Six months ago I spoke critically (though fondly) of Beau Hopkins' squinting approach to selling pain and his opponents' holds. That was before I saw Beau Hopkins Vs. Paul Perris: The Rematch, recently on sale, thus affordable and, for me, irresistible. Hopkins's probably was the face that first lured me to Can-Am, and Perris's were the torso and thighs that etched the most lasting impression on the anterior cingulate cortex of my brain, seat of both erotic attraction and pain awareness (I recently looked that up). This match of the two together (again) rivals anything Perris did with anybody else, up to and including his cousin Roman Stone. I can't think of another Hopkins match that comes close to this one for strenuous sensuality. It helps that, in this great match, Hopkins has hair on his chest and the longest treasure trail on record (assuming somebody keeps records on such things). The squint and the toothy grimace are there, to be sure, but now the effect is stunning.

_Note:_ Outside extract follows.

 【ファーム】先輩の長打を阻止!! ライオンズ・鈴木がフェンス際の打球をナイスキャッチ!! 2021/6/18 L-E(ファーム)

It was a late-career match for both these men, still young but not as dewily pretty as they were in the matches that first made their reputations. The added months and years gave them harder, more manly aspects. Like the Kick-Ass Bodybuilder Feud series that Perris and Stone kicked off, the Hopkins-Perris fight starts in the ring and ends up in the oil pit. Both men are fit and solid--and equally at home in this particular combat scenario, pitting two popular veterans, still dripping with gorgeous, against each other. Without knowing the specifics, I would guess they were, at this time, a match in height and weight, more or less--roughly the same age, too.

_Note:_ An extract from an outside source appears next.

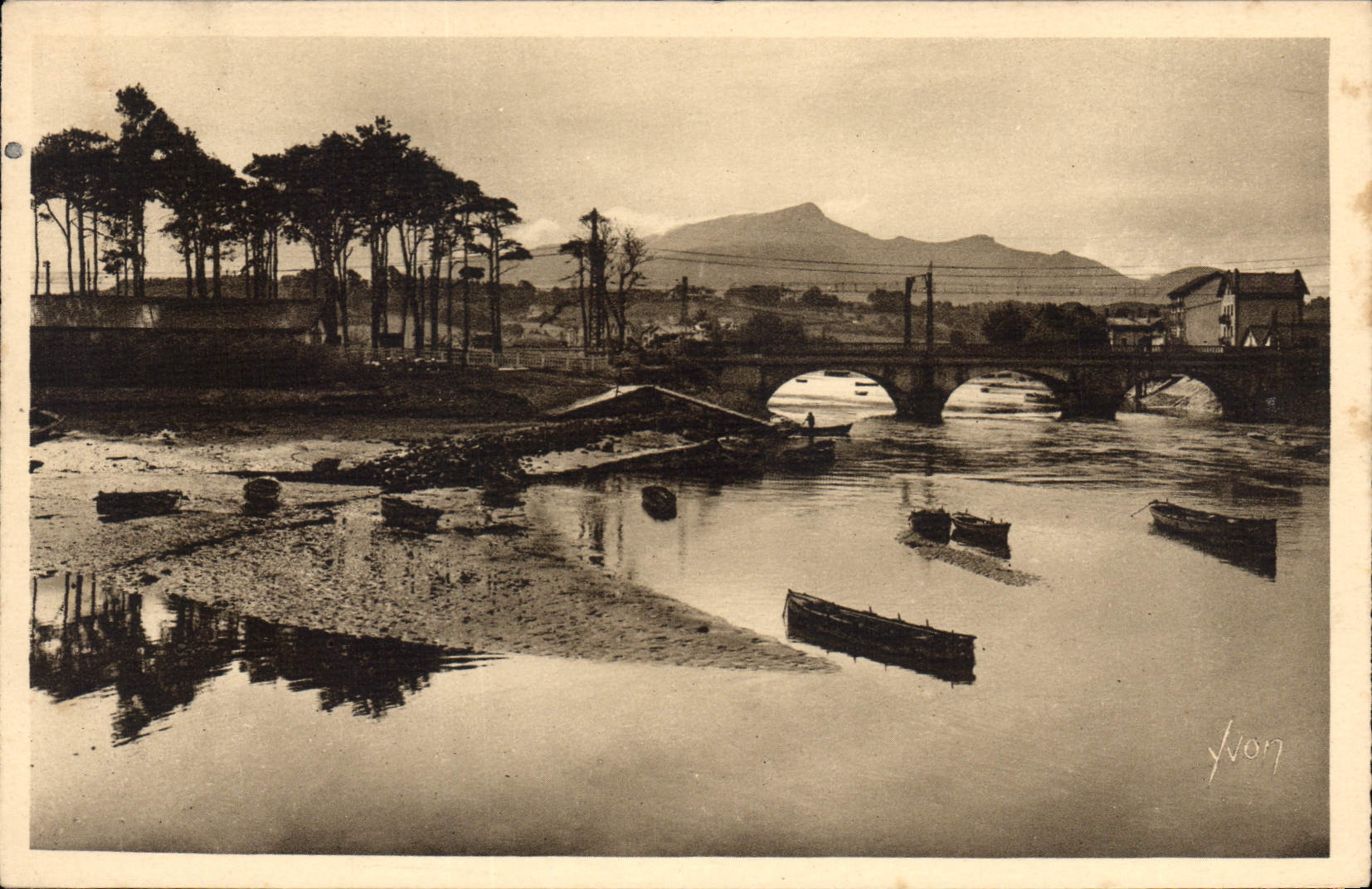 CPA Cote Basque St Jean de Luz Basses Pyrenees La nivelle au fond le Massif de la Rhune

If similarities explain the chemistry these two share, the contrasts might account for the drama. Perris is sharklike--a confident, sharp, and lithe predator, smooth as a soap bubble, with a sunburnt ruggedness about his eyes, newly acquired, that smacks more of pirate than of euro-trash. Hopkins is earthier, quintessentially Athletic Model Guild material, a beaming, wholesome, straight-arrow type, doglike in his determination and tenacity. Against Perris's slipperiness, Hopkins looks honest, upright, and stalwart. Perris is the destroyer, and Hopkins, the noble protector. Putting these two together--at a time when both were probably feeling the need to prove themselves one more time--makes for volatility and tension--the stuff of drama.

Comments

  1. 4-5 years later, maybe less defined a little heavier and older - and in regular tights. He'd look like one of those 1950s handsome wrestlers transported to us.